**Your task:** Could you return the listing below exactly, with every line intact?

**Dataset excerpt:**
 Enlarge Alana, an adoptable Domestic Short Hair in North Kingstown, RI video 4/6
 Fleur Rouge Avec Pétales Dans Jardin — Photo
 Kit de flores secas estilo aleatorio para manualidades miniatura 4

**Response:**
 Enlarge Alana, an adoptable Domestic Short Hair in North Kingstown, RI video 4/6
 Fleur Rouge Avec Pétales Dans Jardin — Photo
 Kit de flores secas estilo aleatorio para manualidades miniatura 4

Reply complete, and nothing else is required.